Valley News Staff Writer
Monday, December 04, 2017

West Hartford — It was 1952, and Erwin Clifford — in his late 20s, tall and lean and forward-looking — was trying his best to look like a serious businessman, and not like a North Pomfret farm boy who’d quit school after a single day in the ninth grade.

“He put on what he thought was his best clothes and he went to Boston,” said Bruce Tuthill, Clifford’s longtime friend.

Clifford had never been out of the Twin States before. The biggest town in the region was Lebanon, with 8,000 people. Boston had 800,000.

Clifford’s goal was to convince the people at the regional Chrysler headquarters that they should site a new Dodge dealership in the village of West Hartford, with himself as franchise owner. He had eight years experience fixing up and selling used cars out of a farm property, where he’d converted the chicken coop into a repair shop, and a cow barn into a garage.

Clifford found the office, which was full of trim suits and well-manicured fingernails, and made his pitch.

Clifford always prided himself on his ability to read people — he’d honed his emotional intelligence while closing hundreds of handshake deals out of the garage on Route 14. But, perhaps because of the vast cultural gap between rural Vermont and bustling Boston, he couldn’t tell what was going on behind their polite, noncommittal smiles as they thanked him for his interest.

If we’d like to move forward, they told him, we’ll be in touch.

On his way out the front door, Tuthill said, Clifford was surprised to bump into a man from West Lebanon, with whom he had a nodding acquaintance.

“Erwin Clifford!” the man said, surprised to see a farmer from his corner of the world in the busy metropolis. “What are you doing here?”

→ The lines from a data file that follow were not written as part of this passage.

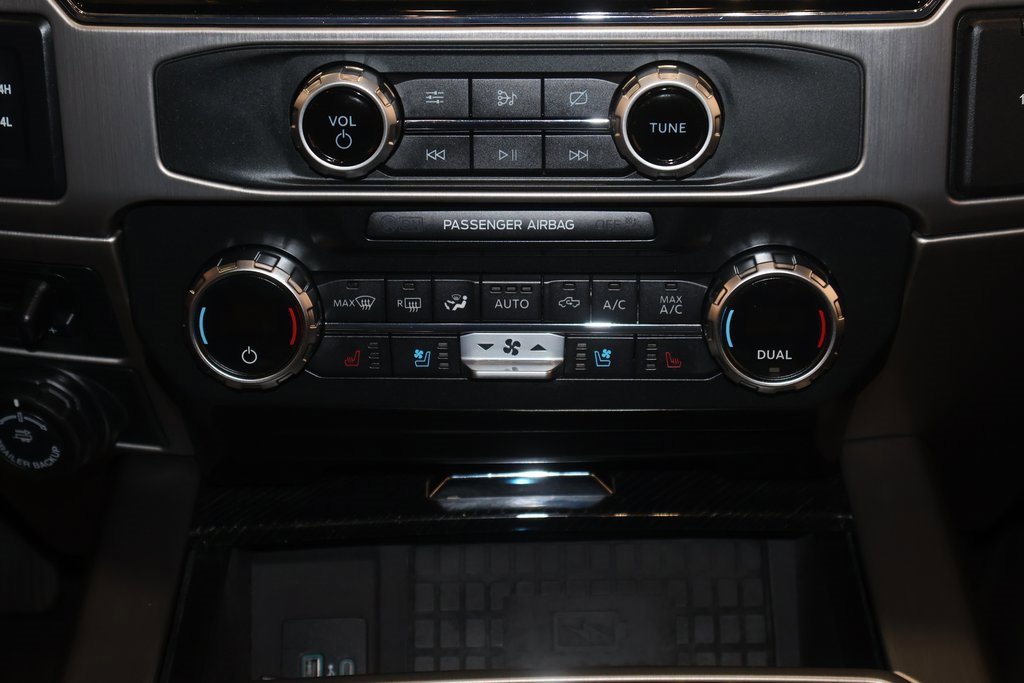 Certified 2022 Ford F250 Platinum w/ FX4 Off-Road Package image 38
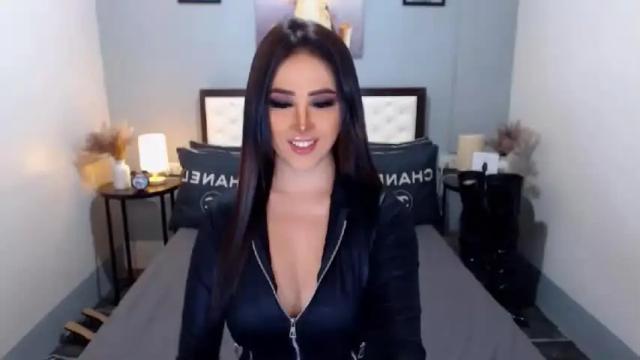 Image 4 of goddesscalieborga Stream on Chaturbate on 16 months ago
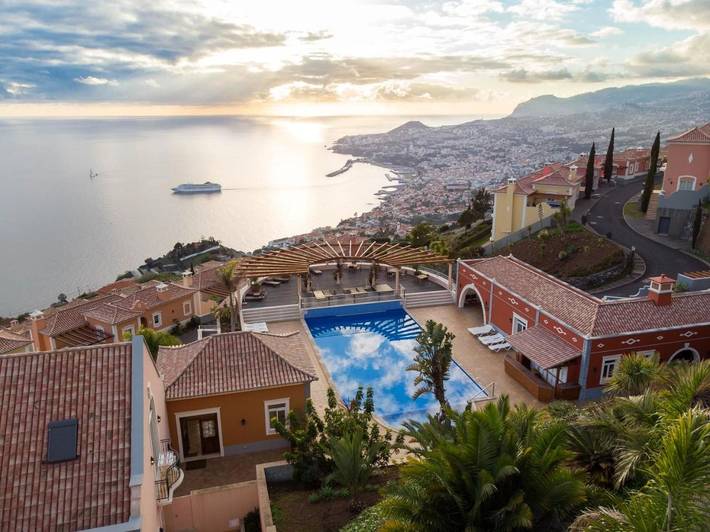 Vakantiepark voor 2 personen, with Whirlpool and Terras as well as Tuin and Zwembad op Madeira
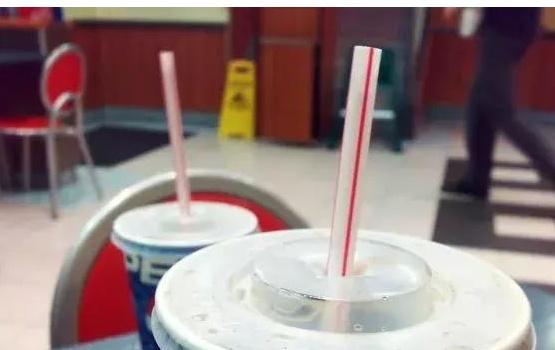 继“无吸管”环保计划之后，新加坡找到塑料“完美替代品”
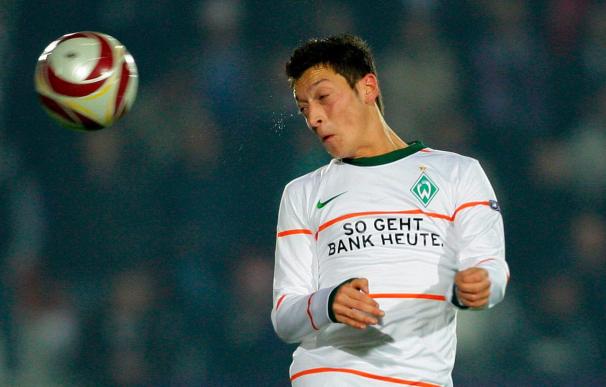 Özil afirma que se queda en el Werder Bremen y rehuye hablar del Real Madrid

When Clifford explained himself, the man led him back into the Chrysler office.

“If Erwin Clifford tells you he can do something,” the man announced loudly, “he can make it happen!”

A few weeks later, the first Dodge showed up on Clifford’s West Hartford farm.

The deal set Clifford up as the driving force behind the growth of both his business, and for the village.

Rivalrous Friendship

A few years after Clifford secured the franchise, another Chrysler dealership came to town. In 1955, Peter Flanagan and Andre Rocheleau bought a garage from Sherman Manning at the intersection of Route 5 and Route 14, and turned it into Hartford Motors.

The Chrysler Corporation wanted Clifford to sell the Dodge brand, and Hartford Motors to sell its Plymouth line.

That posed a problem for Clifford because the Dodge models generally cost more than the Plymouths.

“A Plymouth Valiant cost $200 less than a Dodge Dart, which was pretty much the same car,” Tuthill remembered.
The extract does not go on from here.